● Aim of the task
The lines to return run from the one containing "Dc input power" through the end of the material; give them exactly and leave out the pictures.
BEGIN Input data
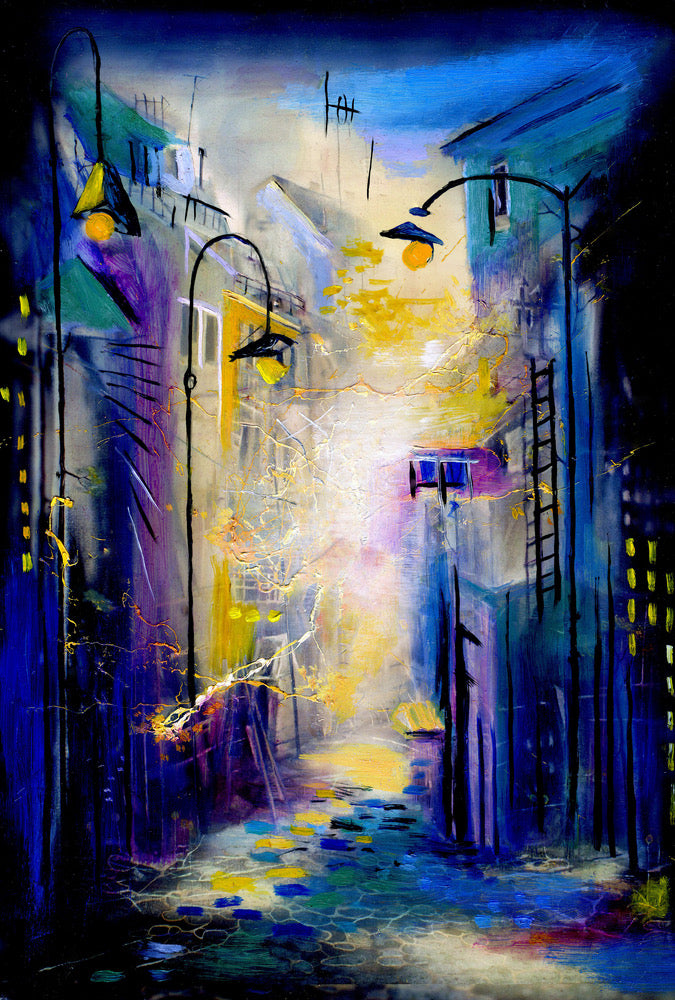 City Street Oil Painting Print 100% Australian Made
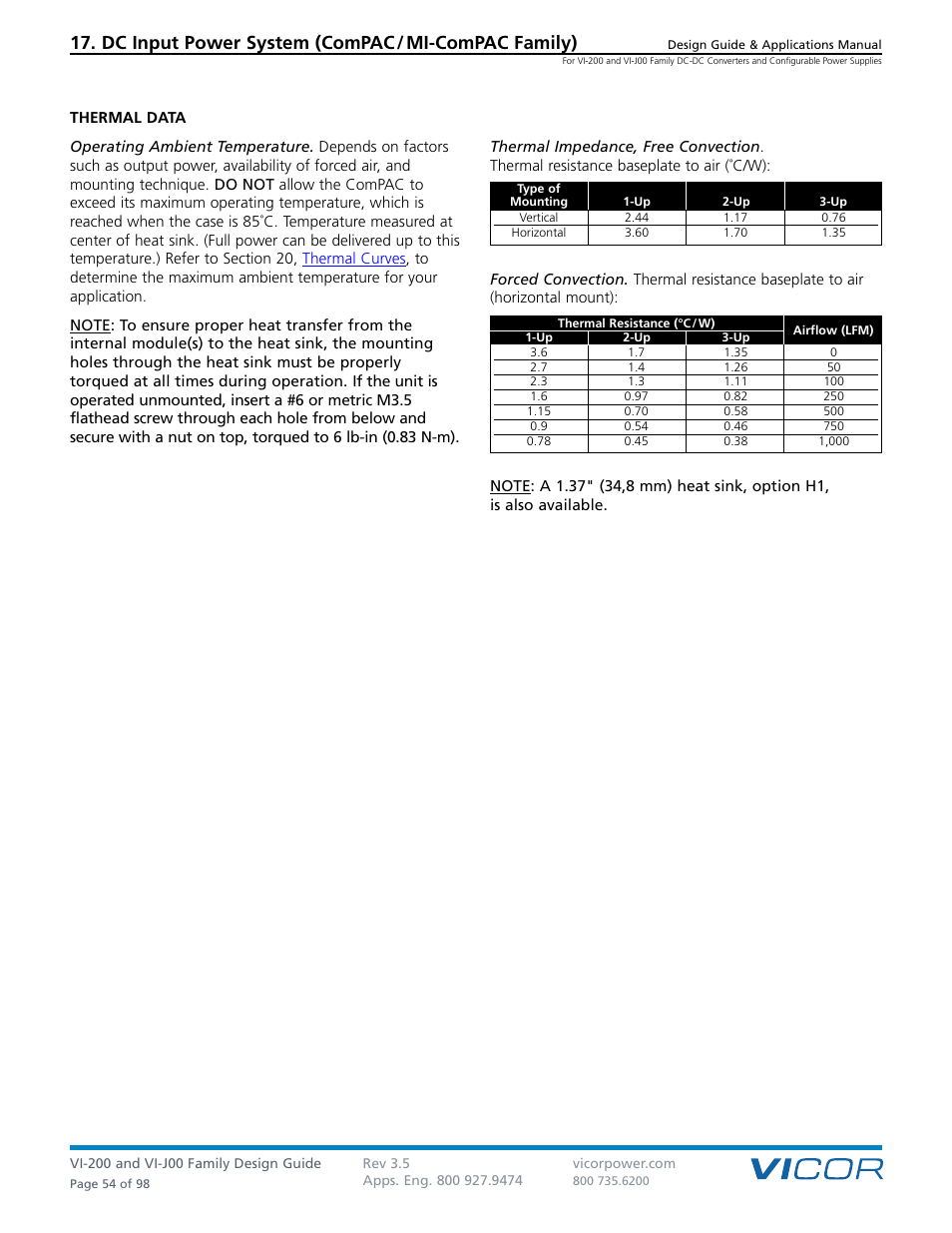 Dc input power system (compac / mi-compac family) | Vicor VI-J00 Family DC-DC Converters and Configurable Power Supplies User Manual | Page 55 / 99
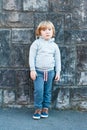 Outdoor portrait of a cute little boy Royalty Free Stock Photo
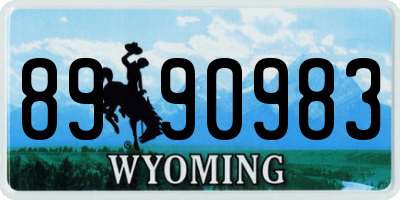 WY license plate 8990983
END Input data
● Task response
 Dc input power system (compac / mi-compac family) | Vicor VI-J00 Family DC-DC Converters and Configurable Power Supplies User Manual | Page 55 / 99
 Outdoor portrait of a cute little boy Royalty Free Stock Photo
 WY license plate 8990983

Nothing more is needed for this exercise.